Ok so a few question firstly why is my calculation bogus the numbers were taken from both datasheets and calculated from there according to the equations in the video.  Except the voltage drop on the transistor is actually 0.3 not 0.7 according to the datasheet.

Secondly when you calculated the resistance value for the anodes you included the transistor voltage drop why?

As the anodes are being driven directly from uC pins and are not going through transistors.  The current is exiting the cathode through the transistor.  What I am seeing then is the current going into the display with 100ohm resistors being too high which can cause a burn out.  When I calculated the 120 ohm resistors I did not take into the account of the transistor drop. which gave [(5 - 2.7) / .02] = 115 ohms nearest is 120 ohm resistor.

Edit:  Ah I see why the collector is drawing current from the cathode so the VCE(sat) drop of 0.3 will actually effect the resistor value I calculate on the anode so [(5 - 2.7 - 0.3) / .02] = 2 / .02 = 100 ohm right on the button. for 20mA sounds good will give that a try.  I am going to keep the 1k resistors on the base of the transistor because if anything it will help guarantee a full saturated switch and there is no way it is going to cause the transistor to over current so it is still a safe value.

[mariush]

He probably assumed you have a common anode led digit, and that you drive all segments through the npn transistor, so he makes sure he can deliver 7x20mA to the digit.

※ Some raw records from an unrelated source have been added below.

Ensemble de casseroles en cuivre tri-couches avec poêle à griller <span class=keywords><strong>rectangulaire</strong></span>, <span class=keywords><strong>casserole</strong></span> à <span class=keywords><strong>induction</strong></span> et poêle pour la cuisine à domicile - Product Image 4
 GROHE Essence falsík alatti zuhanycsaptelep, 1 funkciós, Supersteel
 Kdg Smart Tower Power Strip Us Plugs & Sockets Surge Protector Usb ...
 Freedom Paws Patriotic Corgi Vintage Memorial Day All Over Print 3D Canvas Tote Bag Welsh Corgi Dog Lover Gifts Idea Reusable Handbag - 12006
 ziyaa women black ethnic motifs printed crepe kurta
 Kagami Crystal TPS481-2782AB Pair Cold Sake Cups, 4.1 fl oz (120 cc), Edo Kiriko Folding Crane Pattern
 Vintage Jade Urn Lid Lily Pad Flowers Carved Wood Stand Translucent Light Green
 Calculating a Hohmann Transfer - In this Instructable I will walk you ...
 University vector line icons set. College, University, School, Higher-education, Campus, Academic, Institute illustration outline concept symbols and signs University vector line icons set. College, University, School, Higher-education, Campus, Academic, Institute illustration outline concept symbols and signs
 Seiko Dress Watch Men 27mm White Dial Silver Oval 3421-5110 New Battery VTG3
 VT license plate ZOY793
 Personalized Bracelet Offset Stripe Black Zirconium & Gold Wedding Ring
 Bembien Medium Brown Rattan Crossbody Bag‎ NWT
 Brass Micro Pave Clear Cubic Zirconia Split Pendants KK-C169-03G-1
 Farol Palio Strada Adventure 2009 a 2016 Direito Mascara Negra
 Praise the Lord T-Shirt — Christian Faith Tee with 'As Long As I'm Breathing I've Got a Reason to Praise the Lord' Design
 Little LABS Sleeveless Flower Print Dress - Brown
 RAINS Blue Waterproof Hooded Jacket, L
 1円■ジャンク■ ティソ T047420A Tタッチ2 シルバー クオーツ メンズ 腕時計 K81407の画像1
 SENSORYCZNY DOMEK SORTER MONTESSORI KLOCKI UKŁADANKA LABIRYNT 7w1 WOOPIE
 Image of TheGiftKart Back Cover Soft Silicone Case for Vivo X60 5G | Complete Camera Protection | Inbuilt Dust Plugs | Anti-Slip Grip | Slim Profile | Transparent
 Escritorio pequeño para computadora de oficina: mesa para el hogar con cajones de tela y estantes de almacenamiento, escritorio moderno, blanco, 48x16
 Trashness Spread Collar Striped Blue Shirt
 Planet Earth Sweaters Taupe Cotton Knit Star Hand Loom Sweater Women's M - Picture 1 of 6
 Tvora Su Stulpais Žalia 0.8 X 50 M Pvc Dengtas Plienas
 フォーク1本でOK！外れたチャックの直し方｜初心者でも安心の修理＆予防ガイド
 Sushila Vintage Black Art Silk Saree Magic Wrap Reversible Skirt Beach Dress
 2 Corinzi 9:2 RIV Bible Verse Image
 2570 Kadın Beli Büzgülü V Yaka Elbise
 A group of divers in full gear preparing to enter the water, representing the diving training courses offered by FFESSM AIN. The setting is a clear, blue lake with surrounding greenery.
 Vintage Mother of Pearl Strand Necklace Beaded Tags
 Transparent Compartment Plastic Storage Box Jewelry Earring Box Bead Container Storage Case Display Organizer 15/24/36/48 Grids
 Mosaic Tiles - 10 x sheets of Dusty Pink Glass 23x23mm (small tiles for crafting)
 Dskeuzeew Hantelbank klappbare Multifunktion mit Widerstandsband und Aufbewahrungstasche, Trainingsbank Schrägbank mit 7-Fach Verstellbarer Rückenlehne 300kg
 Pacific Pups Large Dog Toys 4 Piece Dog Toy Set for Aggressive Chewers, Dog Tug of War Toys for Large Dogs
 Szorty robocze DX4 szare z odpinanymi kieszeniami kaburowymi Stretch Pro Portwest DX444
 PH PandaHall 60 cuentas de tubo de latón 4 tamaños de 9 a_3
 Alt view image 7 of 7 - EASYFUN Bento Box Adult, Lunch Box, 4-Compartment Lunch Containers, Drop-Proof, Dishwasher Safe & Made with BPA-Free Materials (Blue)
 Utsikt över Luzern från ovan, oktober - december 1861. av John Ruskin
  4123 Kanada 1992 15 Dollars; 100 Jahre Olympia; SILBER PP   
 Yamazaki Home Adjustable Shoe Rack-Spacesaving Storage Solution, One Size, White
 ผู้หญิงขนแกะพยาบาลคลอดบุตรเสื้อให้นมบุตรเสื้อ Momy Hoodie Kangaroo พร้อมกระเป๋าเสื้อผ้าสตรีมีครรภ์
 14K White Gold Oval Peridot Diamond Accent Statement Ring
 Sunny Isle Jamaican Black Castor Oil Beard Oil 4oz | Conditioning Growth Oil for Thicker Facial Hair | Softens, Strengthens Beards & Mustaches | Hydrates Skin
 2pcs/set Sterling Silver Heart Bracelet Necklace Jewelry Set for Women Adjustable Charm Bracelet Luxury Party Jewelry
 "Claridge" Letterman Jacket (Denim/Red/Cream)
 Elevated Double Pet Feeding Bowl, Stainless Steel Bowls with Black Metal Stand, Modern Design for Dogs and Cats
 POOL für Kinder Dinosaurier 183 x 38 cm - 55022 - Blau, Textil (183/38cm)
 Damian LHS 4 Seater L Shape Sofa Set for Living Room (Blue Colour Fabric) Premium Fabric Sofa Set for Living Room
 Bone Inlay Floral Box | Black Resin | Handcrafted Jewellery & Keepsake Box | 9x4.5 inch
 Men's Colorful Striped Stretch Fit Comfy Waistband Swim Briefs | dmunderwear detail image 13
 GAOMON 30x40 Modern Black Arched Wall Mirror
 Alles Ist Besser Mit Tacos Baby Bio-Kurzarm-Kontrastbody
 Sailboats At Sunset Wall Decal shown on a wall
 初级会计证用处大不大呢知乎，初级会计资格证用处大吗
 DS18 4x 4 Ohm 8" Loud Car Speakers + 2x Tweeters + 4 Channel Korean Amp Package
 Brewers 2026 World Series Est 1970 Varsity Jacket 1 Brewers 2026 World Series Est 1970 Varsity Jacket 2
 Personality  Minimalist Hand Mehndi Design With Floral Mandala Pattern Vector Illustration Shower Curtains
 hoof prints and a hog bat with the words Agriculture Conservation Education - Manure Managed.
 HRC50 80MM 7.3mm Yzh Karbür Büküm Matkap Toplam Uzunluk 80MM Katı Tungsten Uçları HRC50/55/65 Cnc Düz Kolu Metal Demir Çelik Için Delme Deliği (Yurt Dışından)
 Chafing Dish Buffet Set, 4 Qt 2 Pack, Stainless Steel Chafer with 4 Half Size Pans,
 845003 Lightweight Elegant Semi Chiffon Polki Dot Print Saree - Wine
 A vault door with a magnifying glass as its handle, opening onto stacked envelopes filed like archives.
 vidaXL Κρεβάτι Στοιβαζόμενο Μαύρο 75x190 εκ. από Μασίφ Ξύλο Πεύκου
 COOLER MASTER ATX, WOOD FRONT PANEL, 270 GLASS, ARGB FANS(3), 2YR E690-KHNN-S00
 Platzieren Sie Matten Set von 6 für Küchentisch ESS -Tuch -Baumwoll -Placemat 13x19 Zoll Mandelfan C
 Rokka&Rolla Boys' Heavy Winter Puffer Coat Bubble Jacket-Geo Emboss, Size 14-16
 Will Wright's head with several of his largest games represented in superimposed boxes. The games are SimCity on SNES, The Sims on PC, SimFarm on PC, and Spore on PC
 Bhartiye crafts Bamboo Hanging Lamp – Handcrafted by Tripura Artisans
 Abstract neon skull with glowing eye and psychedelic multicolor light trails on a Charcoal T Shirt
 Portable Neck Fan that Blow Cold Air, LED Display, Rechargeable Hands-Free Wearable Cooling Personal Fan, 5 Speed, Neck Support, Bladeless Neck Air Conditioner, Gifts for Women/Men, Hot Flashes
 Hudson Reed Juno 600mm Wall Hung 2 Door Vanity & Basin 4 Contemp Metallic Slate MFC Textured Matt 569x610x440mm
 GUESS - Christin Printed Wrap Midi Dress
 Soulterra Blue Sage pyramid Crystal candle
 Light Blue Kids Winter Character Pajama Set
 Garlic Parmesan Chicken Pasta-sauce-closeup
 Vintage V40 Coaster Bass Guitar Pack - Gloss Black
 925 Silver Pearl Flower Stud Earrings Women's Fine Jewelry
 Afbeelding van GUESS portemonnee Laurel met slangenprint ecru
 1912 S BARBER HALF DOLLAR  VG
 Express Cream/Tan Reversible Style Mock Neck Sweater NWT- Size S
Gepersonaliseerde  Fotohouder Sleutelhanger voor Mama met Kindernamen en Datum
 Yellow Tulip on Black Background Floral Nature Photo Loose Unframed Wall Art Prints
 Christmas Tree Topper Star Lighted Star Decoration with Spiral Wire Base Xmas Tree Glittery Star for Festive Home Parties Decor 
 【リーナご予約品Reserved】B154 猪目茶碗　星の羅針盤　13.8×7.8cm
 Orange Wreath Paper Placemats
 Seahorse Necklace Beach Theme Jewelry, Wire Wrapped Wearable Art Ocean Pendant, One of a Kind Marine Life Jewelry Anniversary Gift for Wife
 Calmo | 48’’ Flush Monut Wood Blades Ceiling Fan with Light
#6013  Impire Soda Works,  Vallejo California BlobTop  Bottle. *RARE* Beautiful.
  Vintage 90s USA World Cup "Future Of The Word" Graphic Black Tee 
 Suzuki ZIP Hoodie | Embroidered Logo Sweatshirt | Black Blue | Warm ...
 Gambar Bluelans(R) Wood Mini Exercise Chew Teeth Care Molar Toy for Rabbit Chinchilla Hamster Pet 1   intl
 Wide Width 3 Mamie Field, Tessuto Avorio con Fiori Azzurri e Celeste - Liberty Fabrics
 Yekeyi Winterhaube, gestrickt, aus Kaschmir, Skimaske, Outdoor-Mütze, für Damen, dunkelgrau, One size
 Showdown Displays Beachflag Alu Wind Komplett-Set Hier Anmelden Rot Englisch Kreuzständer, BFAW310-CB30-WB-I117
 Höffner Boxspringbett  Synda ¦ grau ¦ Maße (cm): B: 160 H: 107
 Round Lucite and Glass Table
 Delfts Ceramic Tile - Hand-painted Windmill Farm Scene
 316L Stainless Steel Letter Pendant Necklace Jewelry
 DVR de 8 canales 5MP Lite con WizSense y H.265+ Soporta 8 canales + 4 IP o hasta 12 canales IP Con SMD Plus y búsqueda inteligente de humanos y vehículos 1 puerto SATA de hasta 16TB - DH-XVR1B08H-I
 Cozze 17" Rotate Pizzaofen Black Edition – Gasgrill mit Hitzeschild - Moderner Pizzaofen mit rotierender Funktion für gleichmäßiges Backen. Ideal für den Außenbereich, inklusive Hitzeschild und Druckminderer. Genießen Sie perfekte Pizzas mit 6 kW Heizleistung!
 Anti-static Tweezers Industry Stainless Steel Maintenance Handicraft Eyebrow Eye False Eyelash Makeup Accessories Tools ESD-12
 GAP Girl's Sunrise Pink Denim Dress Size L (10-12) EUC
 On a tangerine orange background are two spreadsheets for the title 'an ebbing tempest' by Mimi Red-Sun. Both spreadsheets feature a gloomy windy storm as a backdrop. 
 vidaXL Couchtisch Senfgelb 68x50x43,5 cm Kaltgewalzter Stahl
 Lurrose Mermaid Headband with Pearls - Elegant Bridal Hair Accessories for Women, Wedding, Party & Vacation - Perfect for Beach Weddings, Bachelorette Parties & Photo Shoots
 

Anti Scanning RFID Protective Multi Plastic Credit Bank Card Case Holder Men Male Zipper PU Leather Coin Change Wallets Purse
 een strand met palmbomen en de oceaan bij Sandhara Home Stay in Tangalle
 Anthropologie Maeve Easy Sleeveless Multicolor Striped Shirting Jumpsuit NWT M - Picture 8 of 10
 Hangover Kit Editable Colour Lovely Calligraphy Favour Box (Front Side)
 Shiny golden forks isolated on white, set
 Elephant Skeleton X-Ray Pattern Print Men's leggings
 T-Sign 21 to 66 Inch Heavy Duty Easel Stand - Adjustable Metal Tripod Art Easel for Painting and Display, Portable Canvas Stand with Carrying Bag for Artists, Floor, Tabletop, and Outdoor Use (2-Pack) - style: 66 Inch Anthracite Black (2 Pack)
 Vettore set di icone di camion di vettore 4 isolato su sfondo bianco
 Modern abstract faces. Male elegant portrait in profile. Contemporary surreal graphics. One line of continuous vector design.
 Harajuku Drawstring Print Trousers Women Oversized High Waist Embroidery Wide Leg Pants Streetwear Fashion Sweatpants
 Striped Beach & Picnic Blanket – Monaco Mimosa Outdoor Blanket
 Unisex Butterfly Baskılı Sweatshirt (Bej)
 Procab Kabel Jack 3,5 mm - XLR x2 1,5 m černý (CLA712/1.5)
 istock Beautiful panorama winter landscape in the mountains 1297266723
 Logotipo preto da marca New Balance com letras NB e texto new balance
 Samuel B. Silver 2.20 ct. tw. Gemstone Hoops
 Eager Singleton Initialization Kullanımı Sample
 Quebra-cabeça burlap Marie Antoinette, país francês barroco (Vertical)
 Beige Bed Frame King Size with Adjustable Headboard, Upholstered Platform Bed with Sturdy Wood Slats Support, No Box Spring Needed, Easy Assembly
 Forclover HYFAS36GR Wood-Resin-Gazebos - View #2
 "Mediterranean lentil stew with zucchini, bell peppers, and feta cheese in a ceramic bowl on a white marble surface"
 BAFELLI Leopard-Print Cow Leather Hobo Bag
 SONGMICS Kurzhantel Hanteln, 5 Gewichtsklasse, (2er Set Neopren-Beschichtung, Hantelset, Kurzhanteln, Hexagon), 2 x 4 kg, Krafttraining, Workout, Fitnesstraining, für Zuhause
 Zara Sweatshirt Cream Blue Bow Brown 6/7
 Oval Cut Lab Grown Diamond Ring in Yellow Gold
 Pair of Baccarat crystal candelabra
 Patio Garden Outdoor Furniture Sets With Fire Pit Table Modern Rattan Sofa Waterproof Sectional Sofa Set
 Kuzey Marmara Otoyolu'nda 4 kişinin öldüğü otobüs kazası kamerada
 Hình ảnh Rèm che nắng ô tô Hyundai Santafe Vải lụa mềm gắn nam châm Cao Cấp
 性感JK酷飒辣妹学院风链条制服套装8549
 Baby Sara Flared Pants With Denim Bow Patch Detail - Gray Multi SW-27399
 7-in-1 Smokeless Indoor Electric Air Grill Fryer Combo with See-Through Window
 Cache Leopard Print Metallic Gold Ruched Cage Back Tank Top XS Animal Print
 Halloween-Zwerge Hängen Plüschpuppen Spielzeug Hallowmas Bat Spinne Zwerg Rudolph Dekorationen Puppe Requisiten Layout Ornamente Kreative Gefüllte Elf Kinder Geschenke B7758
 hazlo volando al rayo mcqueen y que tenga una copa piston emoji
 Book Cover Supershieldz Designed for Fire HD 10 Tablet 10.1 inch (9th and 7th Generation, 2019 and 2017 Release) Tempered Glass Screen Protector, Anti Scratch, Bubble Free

If yours is common cathode, then you just have to get the npn transistor is saturation mode, to act as a switch with minimal resistance. The npn transistor will then have only about 0.2v voltage drop between collector and emitter, which you can basically ignore as it doesn't do that much difference in the calculation.

So if you don't restrict the current by keeping the npn transistor in active-linear mode, you have to limit each segment with a resistor or a second npn transistor+base resistor, npn being kept in active-linear mode to restrict current.

[Mr Smiley]

For using a transistor as a switch i use the old ' base current 1/10 of the collector current ' so for 20mA collector current I’d use 2mA base current to make sure the transistor saturates.

Also, the faster you multiplex, the dimmer your display will become, and the lower your series resistors need to be.

It would come down to how bright you want it visually.

Start off with say 330 ohm's, light each digit for about a second, and then the next and then the next and so on, then start increasing the multiplexing rate till you don't see flicker and have the brightness you want. That way you can check all your timing for display off -  change seg data - display on works visually 

[blewisjr]

Edit:

Never mind to those who read I got the display to work properly just updating too slow I think because I am seeing the changes.
I was ultimately updating the display wrong which was not giving the transistors enough time to saturate causing the display to be super dim.